Joined: Wed Oct 20, 2010 3:36 pm
Posts: 7
Hi,
Is it possible to search some text in a PDF?
Thanks


Top
 Profile  
 
 Post subject: Re: Search text in a PDF
PostPosted: Thu Oct 28, 2010 8:01 am 
Offline

Joined: Wed Oct 20, 2010 3:36 pm
Posts: 7
There are no answers so I assume that it is not possible.


Top
 Profile  
 
 Post subject: Re: Search text in a PDF
PostPosted: Thu Oct 28, 2010 9:01 am 
Offline
empira Employee
User avatar

Joined: Mon Oct 16, 2006 8:16 am
Posts: 2196
Location: Cologne, Germany
ldd wrote:
Is it possible to search some text in a PDF?

Yes, it's possible.

But you must extract the text yourself, there is no Search function in PDFsharp.

Improving the functions for text extraction from PDF files is on our wish list

_________________
Regards
Thomas Hoevel
PDFsharp Team


Top
 Profile  
 
 Post subject: Re: Search text in a PDF
PostPosted: Thu Oct 28, 2010 1:12 pm 
Offline

Joined: Wed Oct 20, 2010 3:36 pm
Posts: 7
Thank you


Top
 Profile  
 
 Post subject: Re: Search text in a PDF
PostPosted: Tue Nov 02, 2010 2:51 pm 
Offline

Joined: Mon Nov 01, 2010 5:38 pm
Posts: 2
Right now we use PDFBox to extract text.
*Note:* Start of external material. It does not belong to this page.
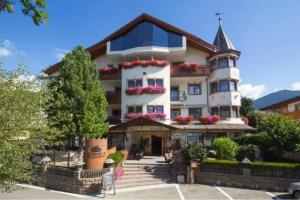 Hotel Villa Monica, Toblach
They have something called PDFTextStripperByArea where you can provide a searchArea and it will get the text from that area provided. Does PDFSharp have something like that where I can get the text myself?
Here is a part of the PDFBox code:
Code:
public static String extractSSN(final PDPage page) throws IOException
   {
      // Stripper object.
      final PDFTextStripperByArea stripper = new PDFTextStripperByArea();
      stripper.setSortByPosition(true);

      // Set the area to search on the PDF.
      final Rectangle searchArea = new Rectangle(0, 130, 100, 10);
      stripper.addRegion("ssn", searchArea);

      // Extract the text from the area, then pluck the ssn from it.
      stripper.extractRegions(page);
      String text = stripper.getTextForRegion("ssn").replaceAll("c", "%");
      text = URLDecoder.decode(text, "UTF-8");

      // Return the portion of the string we need.
      String output = "";

      try
      {
         output = text.substring(18, 29);
      }
      catch (final Exception ex)
      {
         output = "EMPTY";
      }

      return output;
   }


Top
 Profile  
 
 Post subject: Re: Search text in a PDF
PostPosted: Fri Nov 26, 2010 5:52 am 
Offline

Joined: Fri Nov 26, 2010 5:39 am
Posts: 1
Location: South Africa
Thomas Hoevel wrote:
Yes, it's possible.

But you must extract the text yourself, there is no Search function in PDFsharp.



Hi Thomas.

Please could you be as kind as to give us a few pointers on how to search for text in PDF documents. I would be most grateful for some direction on how to go about reading the text in pdf files using the pdfsharp library.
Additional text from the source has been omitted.